(Captioned web image data)
┌──
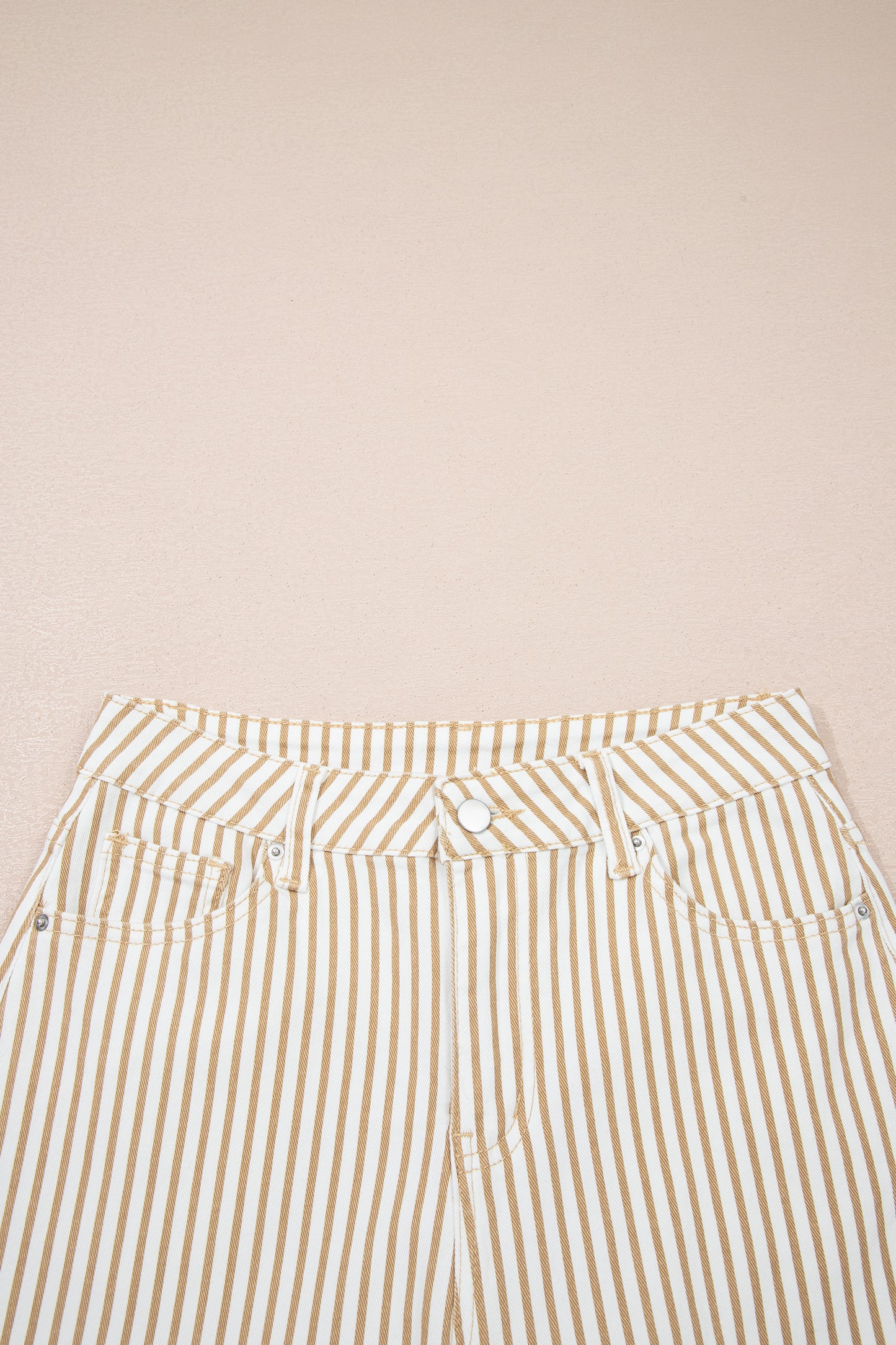 Khaki Stripe Casual Barrel Jeans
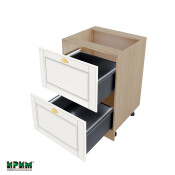 Долен модул с две чекмеджета с плавно затваряне и LED осветление МФ-Бяло мат-09-72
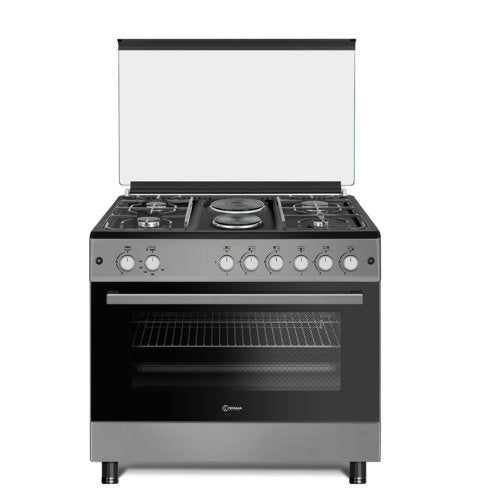 SIGMA GAS COOKER 90X60 4 BURNERS GAS 2 ELECTRIC OVEN GRILL SILVER - CompuGhana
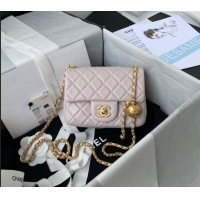 Market Sells Chanel Lambskin Mini Square Flap Bag with Gold-Tone Metal Ball AS1786 Light Pink 2024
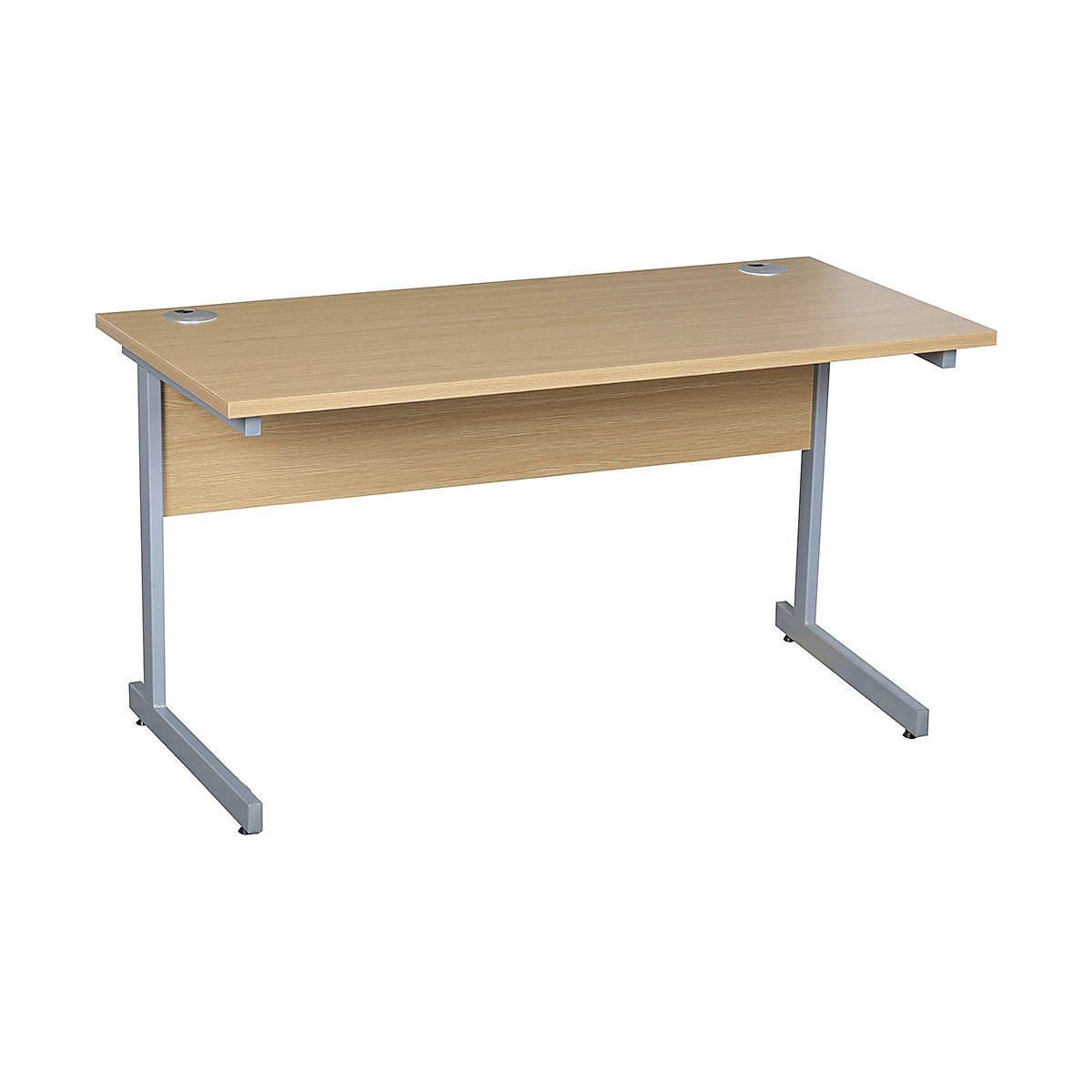 Karbon K1 Rectangular Cantilever Office Compact Desk, Karbon K1 Rectangular Cantilever Office Compact Desk, Karbon K1 Rectangular Cantilever Office Compact Desk 730h x 1600w x 600d mm | Oak  | Silver Legs-6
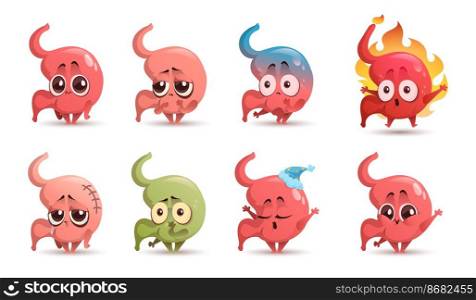 Cute stomach character with different emotions isolated on white background. Vector set of cartoon funny gastric, human abdomen organ smiles, sleeps, feels ache, nausea, reflux and heartburn. Cute stomach character with different emotions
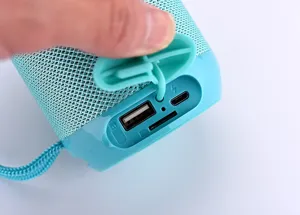 Portable bluetooth speaker detail view showing charging ports and TF card slot for outdoor use.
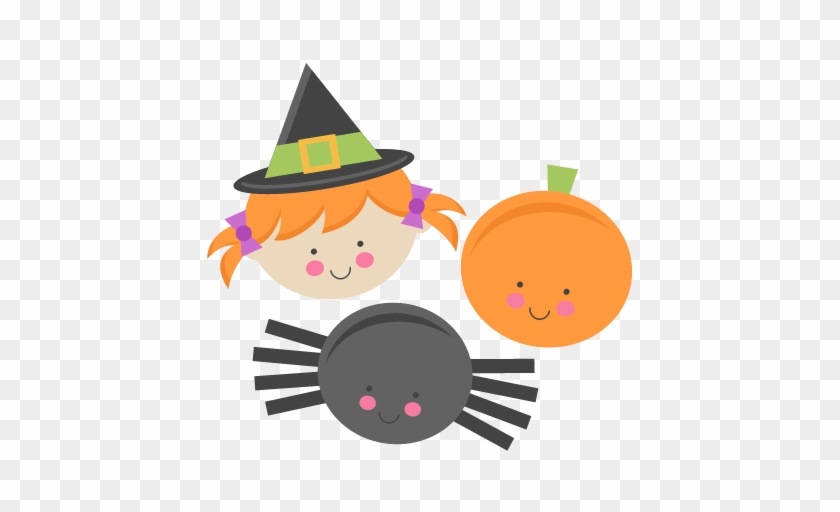 Cute Halloween Monsters Witch Pumpkin Spider Svg Scrapbook - Cute Halloween Pumpkin Png #161289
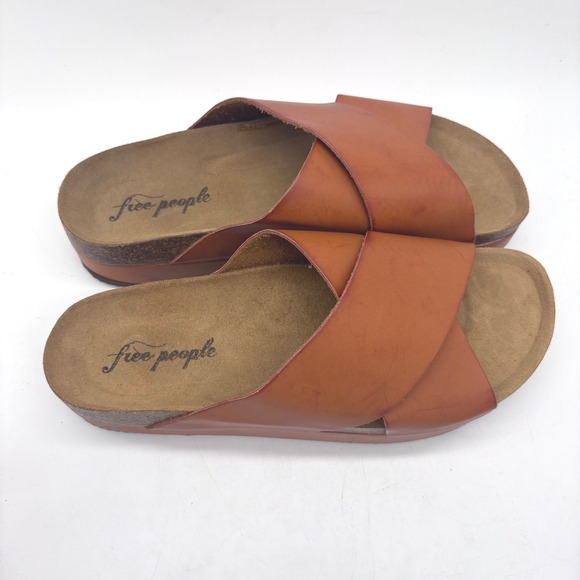 Free People Shoes - Free People Sidelines Leather Platform HoneyBrown Sandals Women US Size‎ 9 EU 40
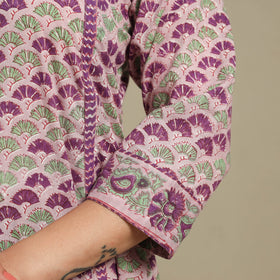 Purple - cotton a-line sanganeri kurta 14 - handcrafted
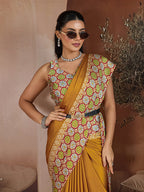 Monjolika Fashion Mustard Printed Satin Saree - Distacart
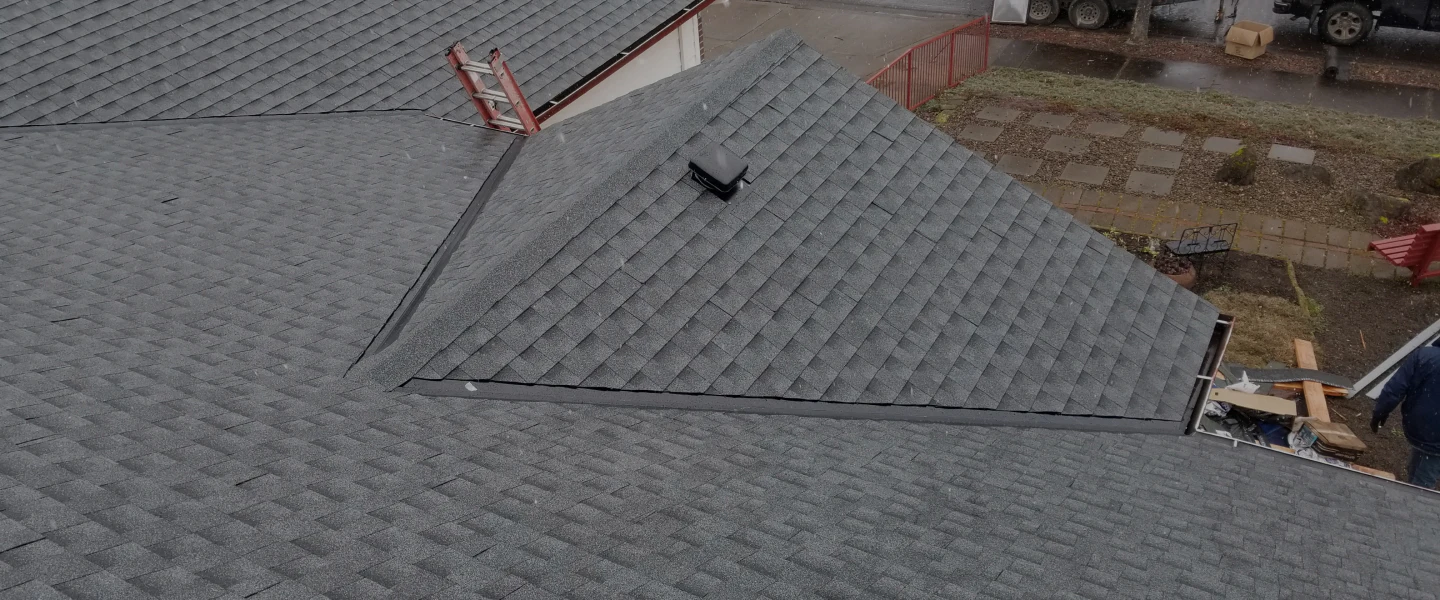newly installed asphalt shingles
└──
WORK INSTRUCTIONS:
Transcribe all of the data above verbatim but omit every picture.

SOLUTION TO THE EXERCISE:
 Khaki Stripe Casual Barrel Jeans
 Долен модул с две чекмеджета с плавно затваряне и LED осветление МФ-Бяло мат-09-72
 SIGMA GAS COOKER 90X60 4 BURNERS GAS 2 ELECTRIC OVEN GRILL SILVER - CompuGhana
 Market Sells Chanel Lambskin Mini Square Flap Bag with Gold-Tone Metal Ball AS1786 Light Pink 2024
 Karbon K1 Rectangular Cantilever Office Compact Desk, Karbon K1 Rectangular Cantilever Office Compact Desk, Karbon K1 Rectangular Cantilever Office Compact Desk 730h x 1600w x 600d mm | Oak  | Silver Legs-6
 Cute stomach character with different emotions isolated on white background. Vector set of cartoon funny gastric, human abdomen organ smiles, sleeps, feels ache, nausea, reflux and heartburn. Cute stomach character with different emotions
 Portable bluetooth speaker detail view showing charging ports and TF card slot for outdoor use.
 Cute Halloween Monsters Witch Pumpkin Spider Svg Scrapbook - Cute Halloween Pumpkin Png #161289
 Free People Shoes - Free People Sidelines Leather Platform HoneyBrown Sandals Women US Size‎ 9 EU 40
 Purple - cotton a-line sanganeri kurta 14 - handcrafted
 Monjolika Fashion Mustard Printed Satin Saree - Distacart
newly installed asphalt shingles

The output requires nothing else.